● **TASK INSTRUCTIONS**: Copy the data exactly as it appears, and do not include any pictures.

● **DATASET EXTRACT**:
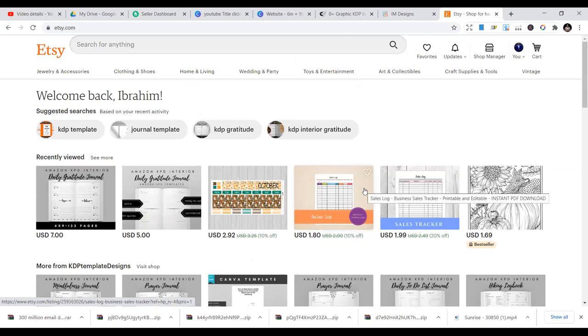You can also expand to different places like eBay, other places that you feel like you can get a market. Or you can let someone design a website for you, specifically for you, where you upload your own interiors.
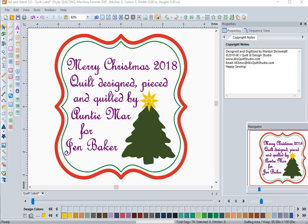Welcome back to KK's Quilt Studio and a quick five-minute tutorial on creating quilt labels in Art and Stitch. I know it's busy — it's Christmas time, it's the month of December, and we've got lots of things to do. But don't forget to label your quilting creations, especially if you're giving them for gifts.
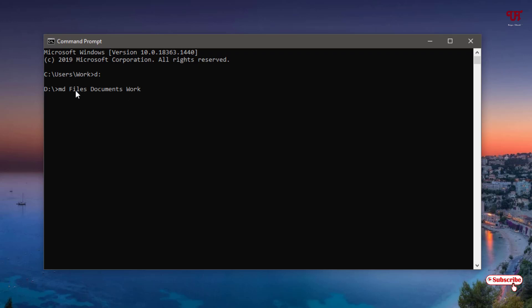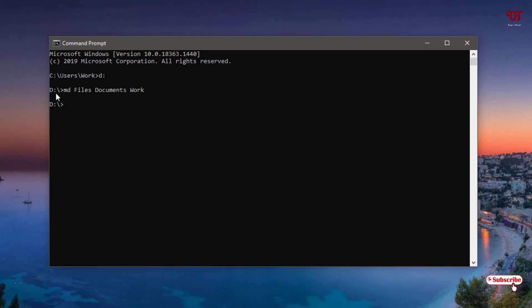Once you have typed all the names using the MD command, hit Enter on your keyboard. Now let's go to the D drive location to verify. You can use the C drive with the same trick, but your location will be in the respective C drive users directory. Let me click on the D drive.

● **SOLUTION TO THE PROBLEM**:
You can also expand to different places like eBay, other places that you feel like you can get a market. Or you can let someone design a website for you, specifically for you, where you upload your own interiors.
Welcome back to KK's Quilt Studio and a quick five-minute tutorial on creating quilt labels in Art and Stitch. I know it's busy — it's Christmas time, it's the month of December, and we've got lots of things to do. But don't forget to label your quilting creations, especially if you're giving them for gifts.
Once you have typed all the names using the MD command, hit Enter on your keyboard. Now let's go to the D drive location to verify. You can use the C drive with the same trick, but your location will be in the respective C drive users directory. Let me click on the D drive.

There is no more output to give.